Activity =>
The lines below from the one with "Dragonfly Aboriginal Australia" up to and including the one with "Peanut and raspberry" are what you should set down, exactly and without pictures.

Entries supplied =>
>>>>

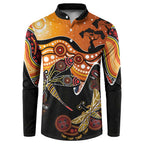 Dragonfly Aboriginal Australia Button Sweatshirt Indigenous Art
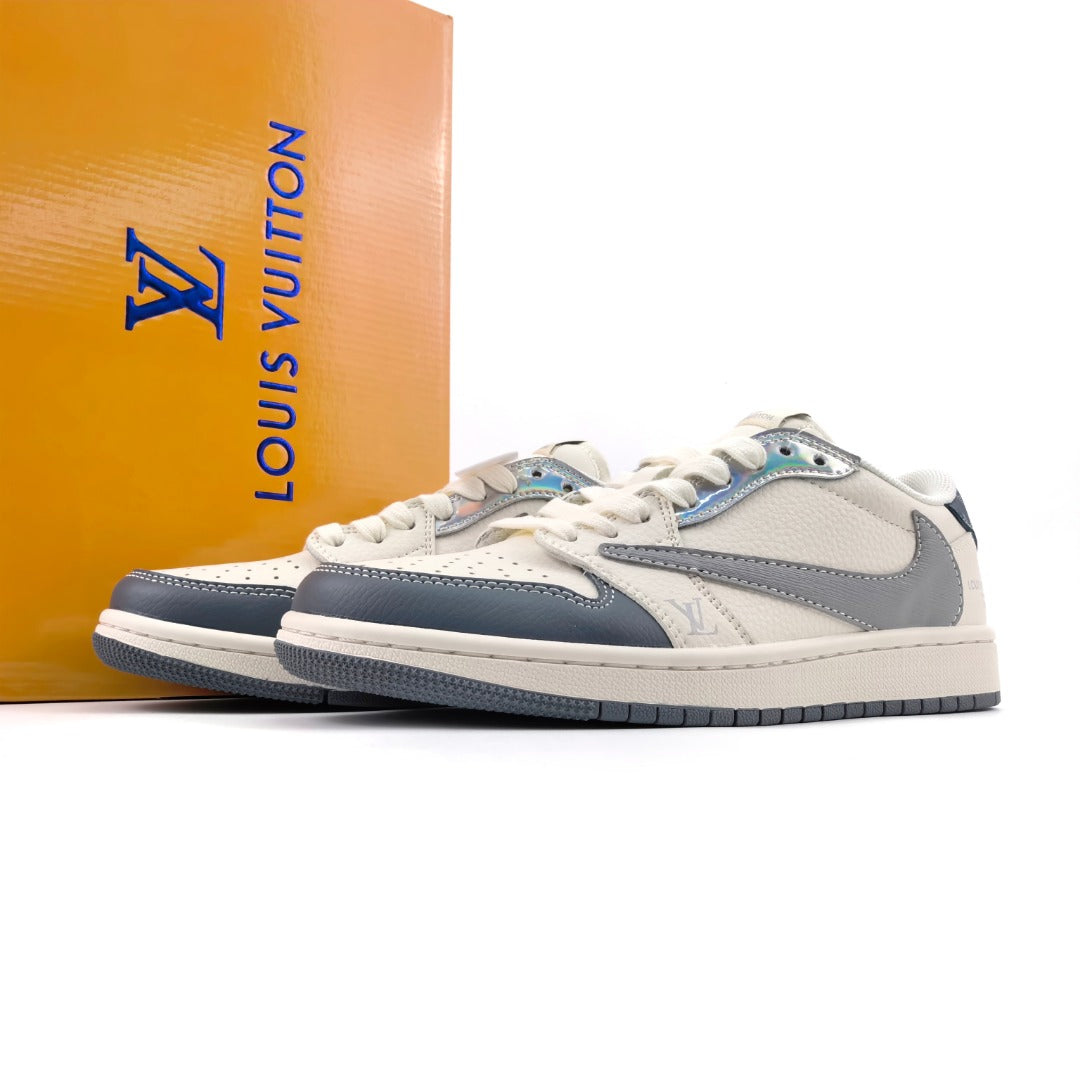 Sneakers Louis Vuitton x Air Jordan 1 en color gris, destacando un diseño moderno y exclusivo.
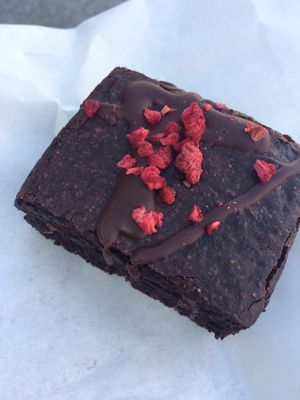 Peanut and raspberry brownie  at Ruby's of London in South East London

<<<<
>>>>

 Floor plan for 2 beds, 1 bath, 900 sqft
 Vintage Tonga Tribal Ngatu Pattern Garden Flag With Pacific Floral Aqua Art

<<<<
>>>>

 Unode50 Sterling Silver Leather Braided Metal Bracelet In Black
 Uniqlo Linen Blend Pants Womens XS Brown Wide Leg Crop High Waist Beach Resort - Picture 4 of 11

<<<<

Solution to the exercise =>
 Dragonfly Aboriginal Australia Button Sweatshirt Indigenous Art
 Sneakers Louis Vuitton x Air Jordan 1 en color gris, destacando un diseño moderno y exclusivo.
 Peanut and raspberry brownie  at Ruby's of London in South East London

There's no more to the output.